Blog of science and life
Pywright - Render javascript websites
Demo: pywright.fly.dev
What is Playwright?
Playwright is a browser automation library from Microsoft. It can be used to automate tasks in the browser, for testing purpose.
But we can use it to scrape data from websites that use javascript to render the content.
Think about Facebook, Twitter, Instagram, etc. They use javascript to render the content. So we can't scrape them with normal tools like requests
or scrapy
.
Selenium is a popular tool for scraping javascript websites. It's powerful, have a lot of features, but it's slow and hard to use.
Playwright is a newplayer in this field. It's fast, have excelent simple API.
What is Pywright?
Pywright is a API service writen in python that use Playwright to render javascript websites. You can easily deploy it to any cloud provider then use it as a service.
Install Pywright
I've created a docker image for Playwright. It's contain a simple Flask API server, so you can use it as a microservice.

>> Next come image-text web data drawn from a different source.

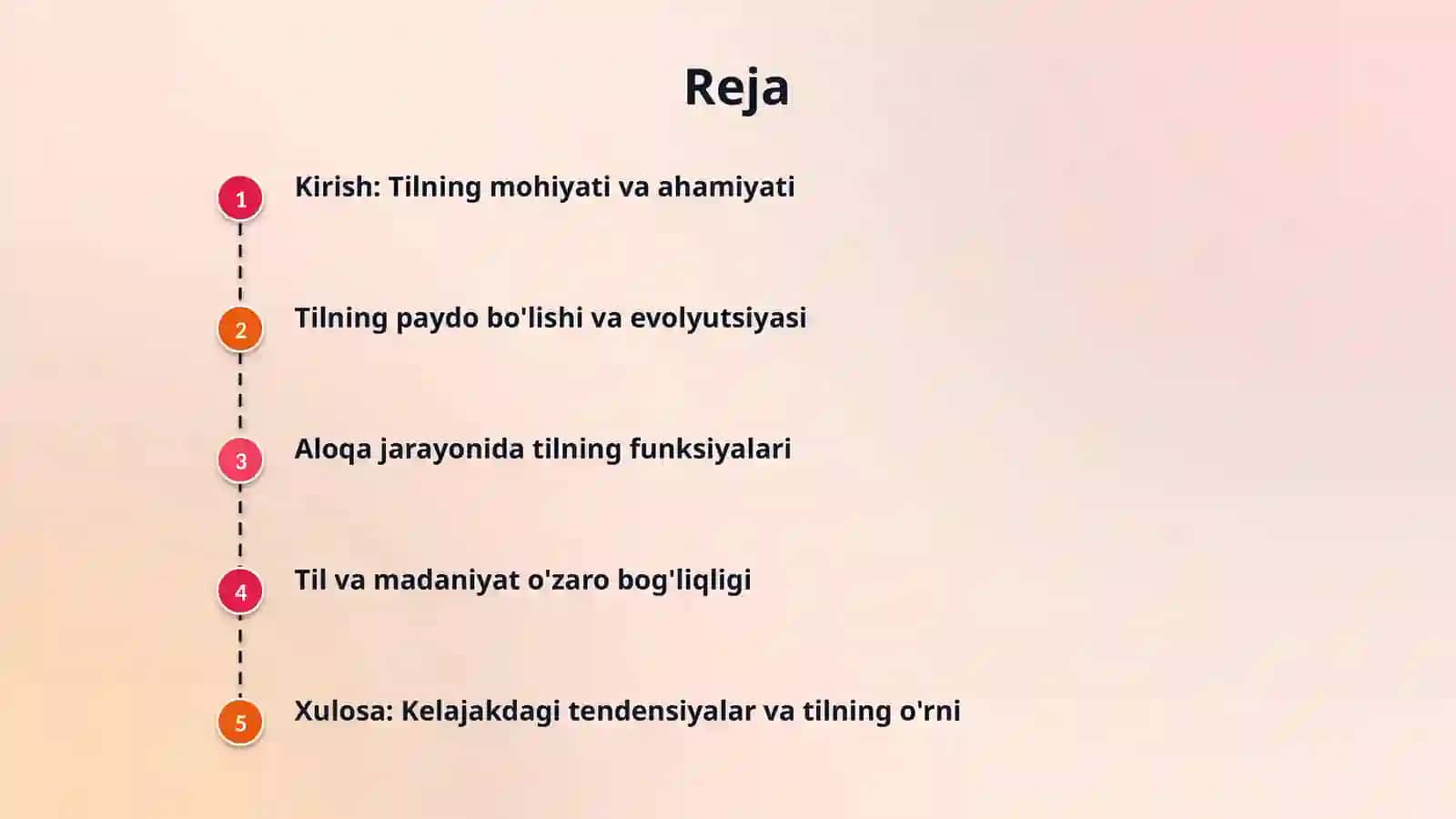 Til insonlar ortasidagi eng muhim  aloqa vositasi shu mavzu boyicha aniq faktlar bilan rasmlar bilan taqdimot yaratilsin mavzu tushunarli bolsin voqealar bolsa ham yaxshi ammo mavzu aniq yoritilib berilsin 2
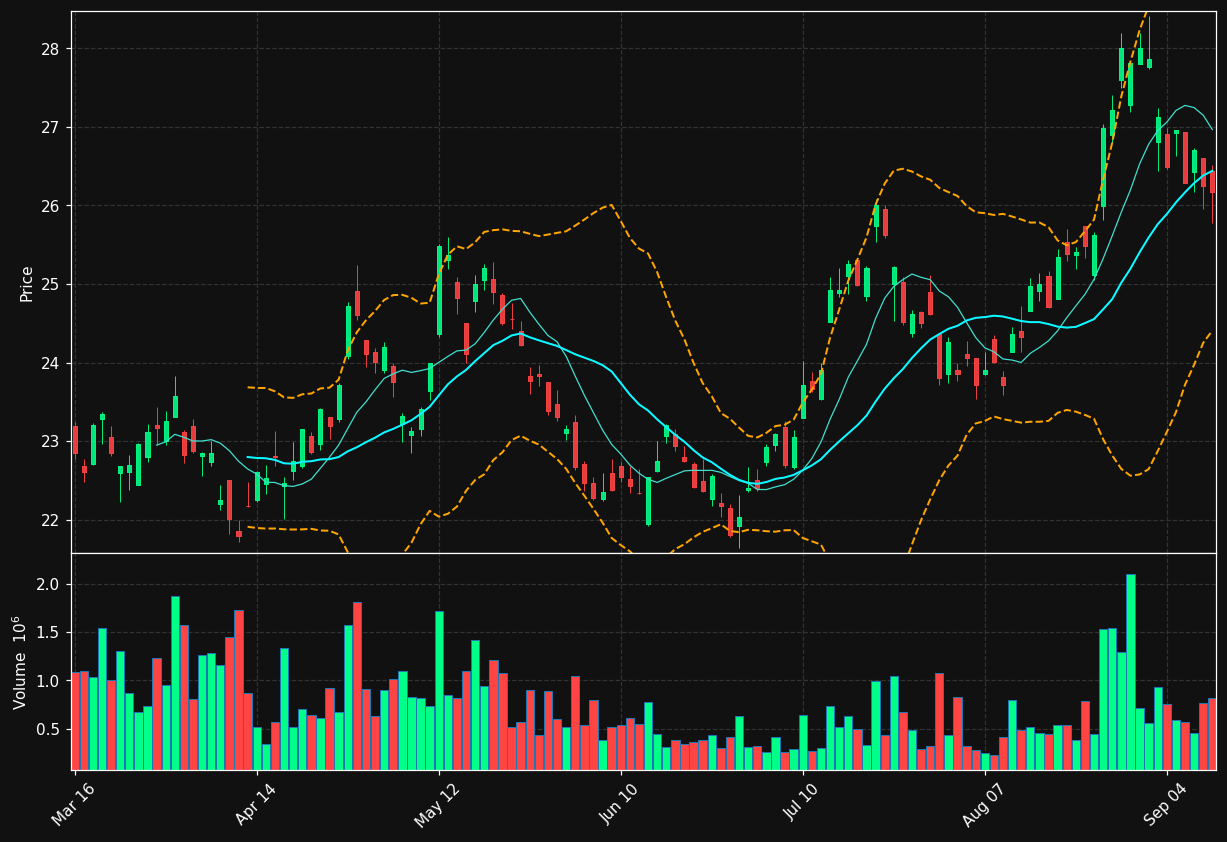 WEAT chart
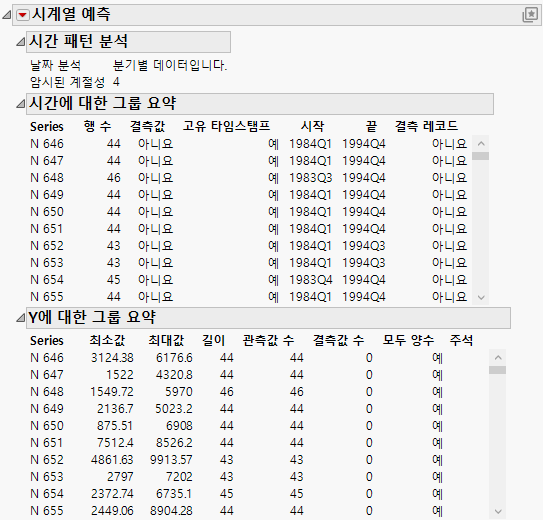Initial Report for Time Series Forecast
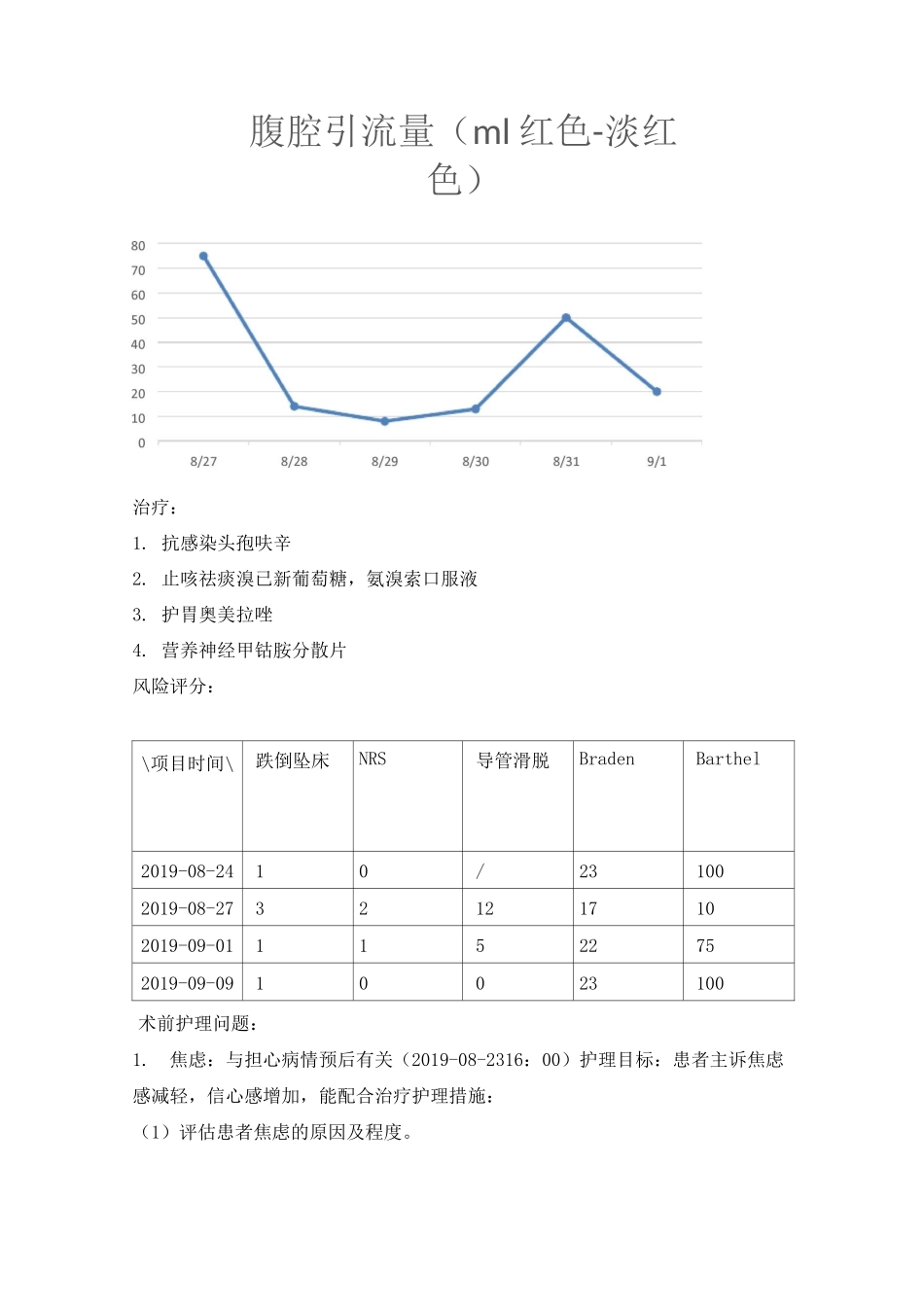 淋巴管瘤护理查房_第3页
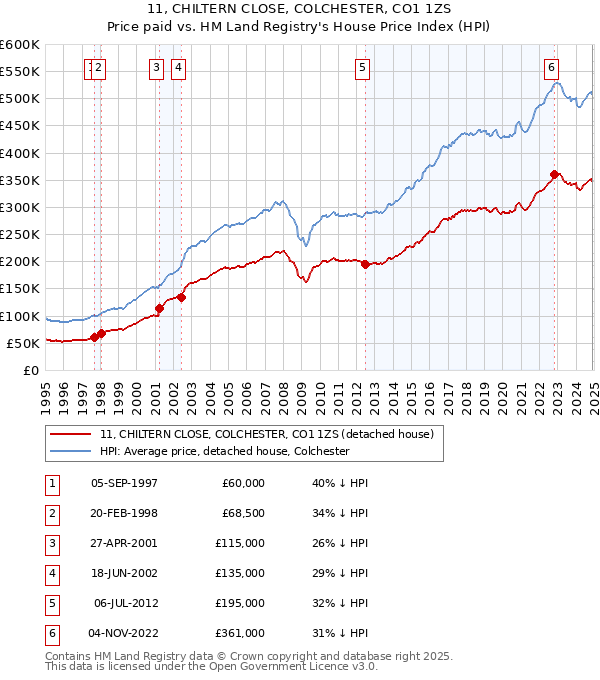 11, CHILTERN CLOSE, COLCHESTER, CO1 1ZS: Price paid vs HM Land Registry's House Price Index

I will create only 2 workers
by default, you can change it by setting WORKERS
environment variable.
How to use Pywright
Just use POST
method to send a request to the server at endpoint /scrape
.
The request body must be a JSON object with 1 field: url
.
{
"url": "https://ipinfo.io"
}
The response will be a HTML string of the website.
Example
Example with httpie
:
http POST http://localhost:5000/scrape url=https://ipinfo.io
or with curl
:
curl -X POST -H "Content-Type: application/json" -d '{"url": "https://ipinfo.io"}' http://localhost:5000/scrape
or with requests
:
import requests
url = "http://localhost:5000/scrape"
html = requests.post(url, json={"url": "https://ipinfo.io"}).text
print(html)